▸ PROBLEM TO SOLVE
What you should give back is a precise copy of the lines below from the one containing "Kwikset Smartkey Cove" through the one containing "Lasagne al forno, un", with no pictures.

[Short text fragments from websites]

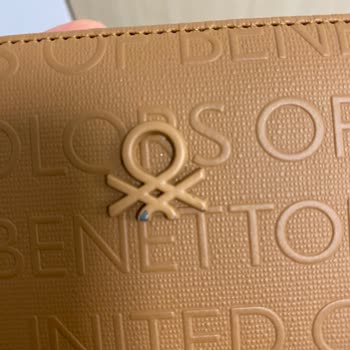 Benetton Cüzdan Amblemi Soyuldu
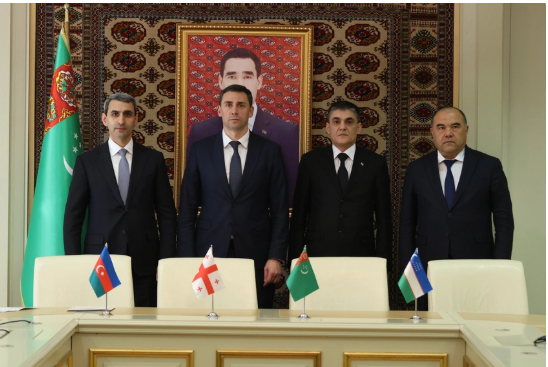 Orta Dəhlizdə rəqəmsallaşma və yükdaşımanın inkişafına dair protokol imzalanıb<font color=red> - FOTOLAR</font>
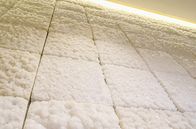 Wunderstoffe – Salz-Paneele im Luma-Turm in Arles: Etwa zwei Wochen dauert der Kristallisationsprozess der Paneele. Das Projekt zeigt, dass Salz als Baumaterial funktionieren kann.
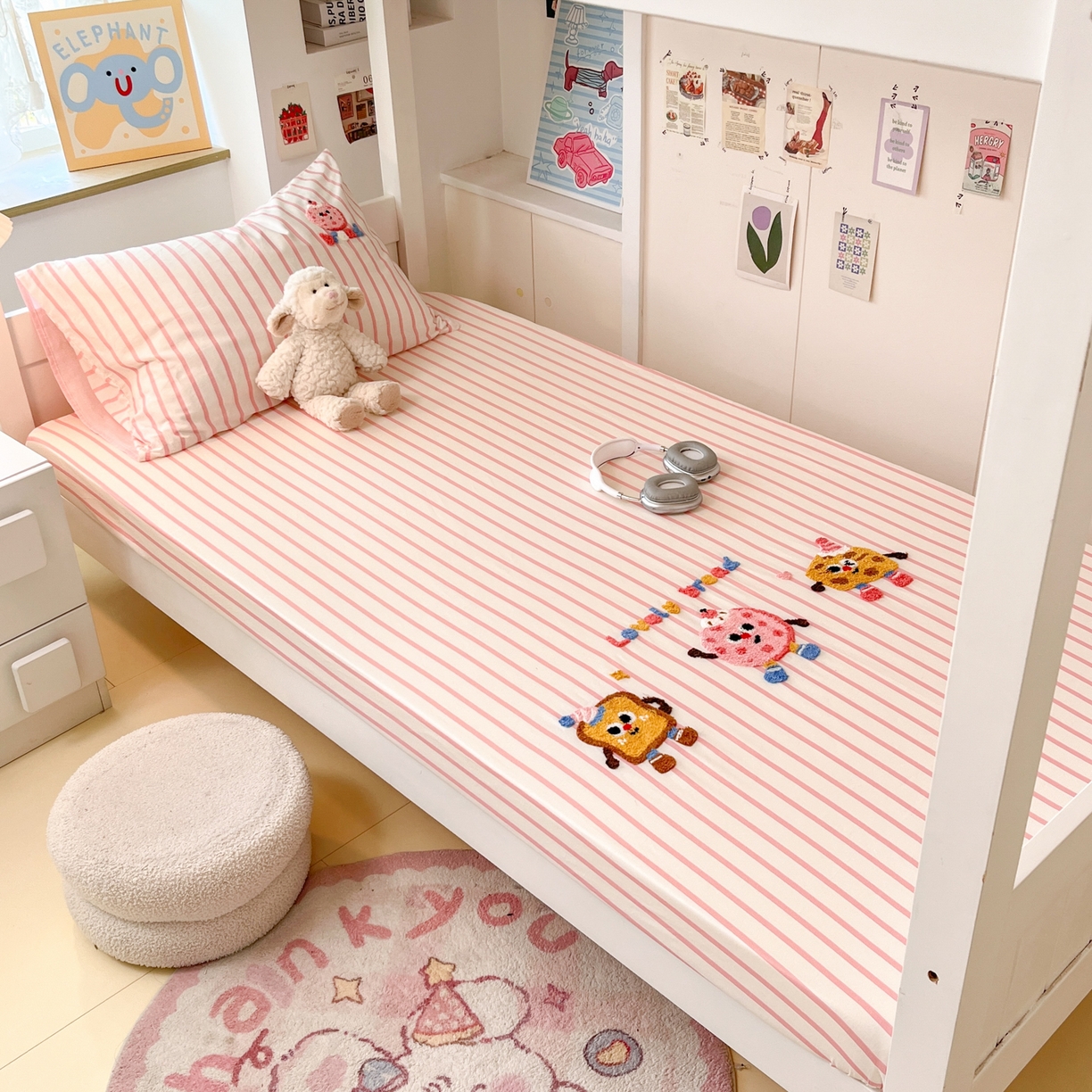 91家纺网 家纺一手货源 找家纺 慕尚家纺 2025新款全棉纯棉毛巾绣单床笠  趣味饼干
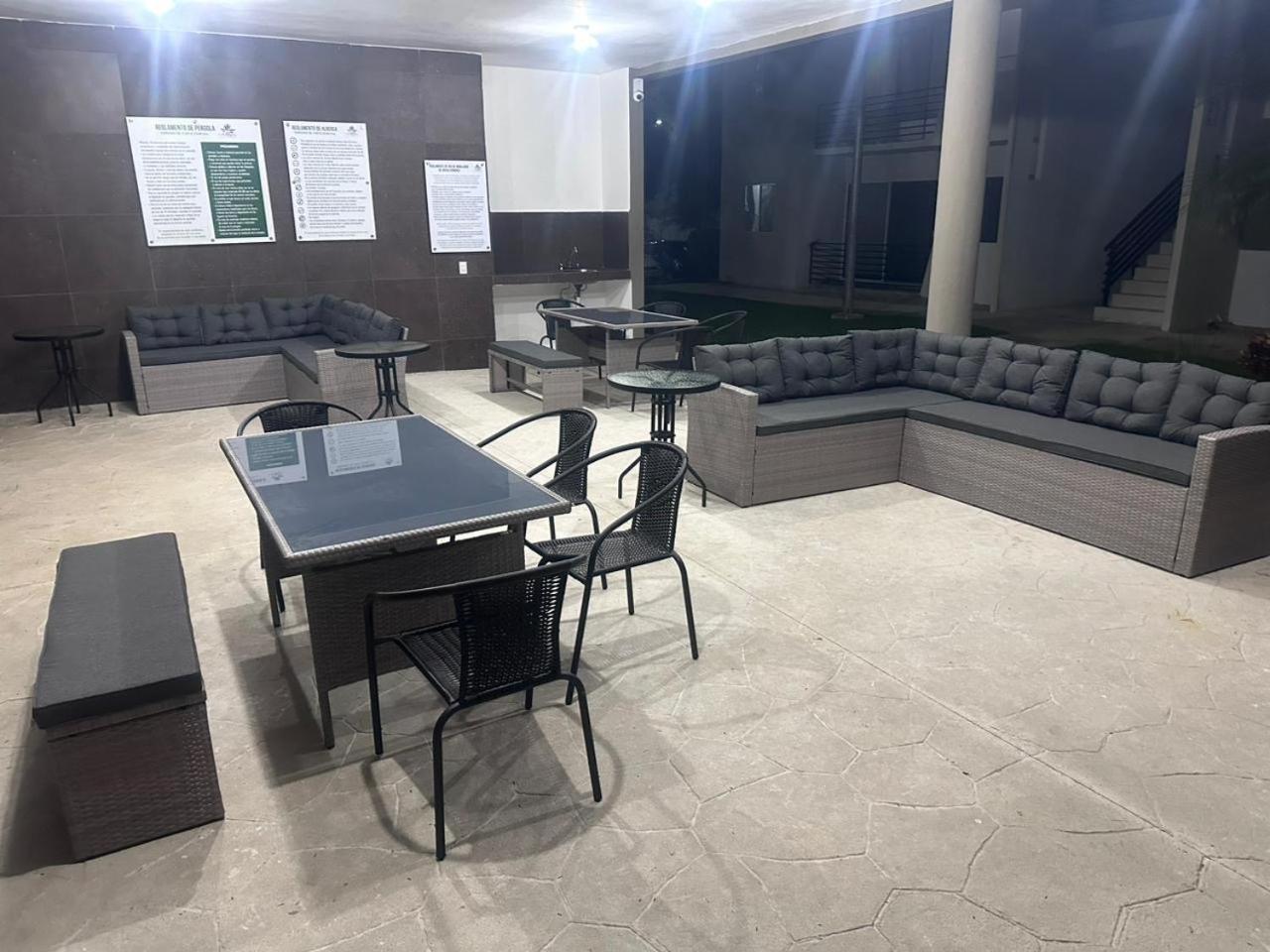 Vive Tus Vacaciones, Depa Nuevo Playa Del Carmen Leilighet Eksteriør bilde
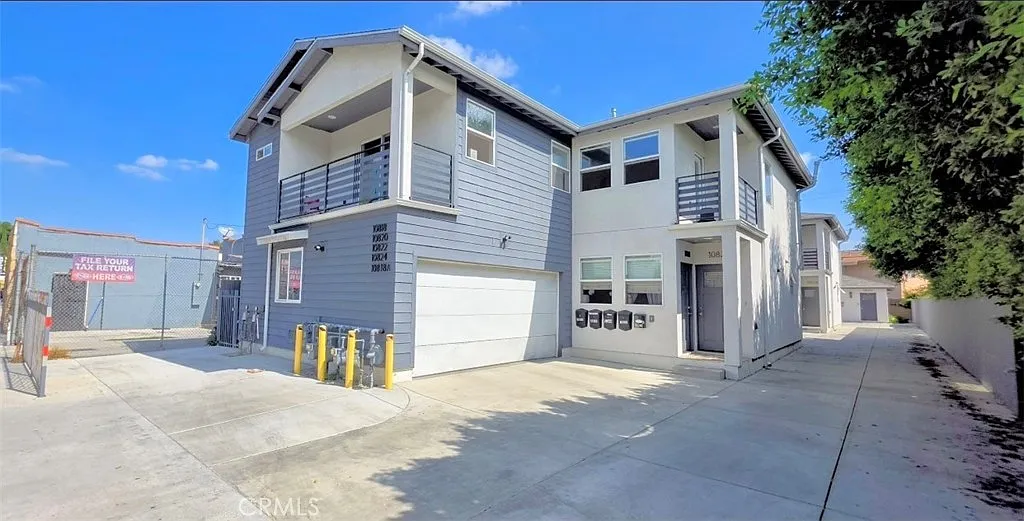 3 bed, 1050 sqft, $3,380 — Photo 2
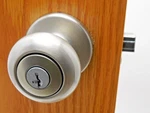 Kwikset Smartkey Cove Keyed Entry Knob Satin Nickel 400CV15SMT #8BZ. Fixed Price $5.99.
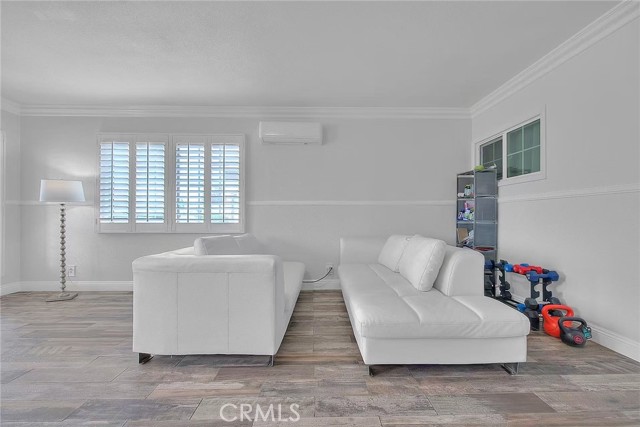 6442 Raymond Avenue, Long Beach CA: https://media.crmls.org/medias/0d08d018-359f-43d5-ac34-604bbfde11d0.jpg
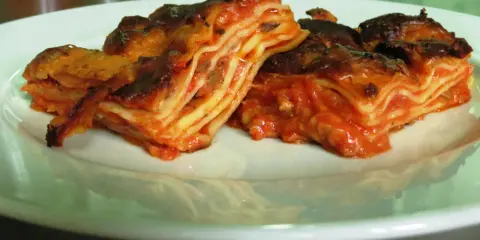 Lasagne al forno, un classico da provare per scoprire cosa mangiare nelle Marche. Gusto e tradizione in un piatto.
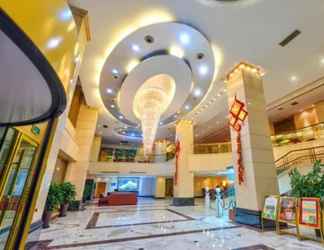 Lobby 2 Bolt Hotel Dalian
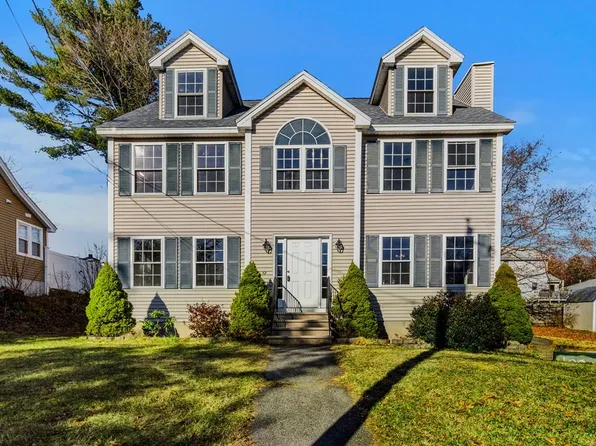 32 Honora Ave, Dracut, MA 01826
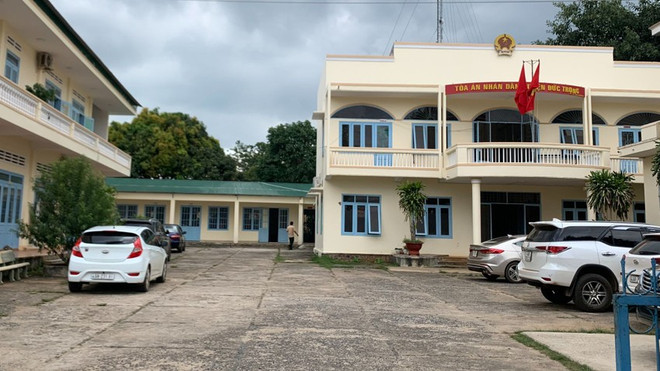 Trụ sở Tòa án Nhân dân huyện Đức Trọng. (Nguồn: Báo Pháp Luật) Lâm Đồng: Đề nghị kiểm điểm nhiều cán bộ tòa án, viện kiểm sát ảnh 1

▸ EXERCISE OUTPUT
 Kwikset Smartkey Cove Keyed Entry Knob Satin Nickel 400CV15SMT #8BZ. Fixed Price $5.99.
 6442 Raymond Avenue, Long Beach CA: https://media.crmls.org/medias/0d08d018-359f-43d5-ac34-604bbfde11d0.jpg
 Lasagne al forno, un classico da provare per scoprire cosa mangiare nelle Marche. Gusto e tradizione in un piatto.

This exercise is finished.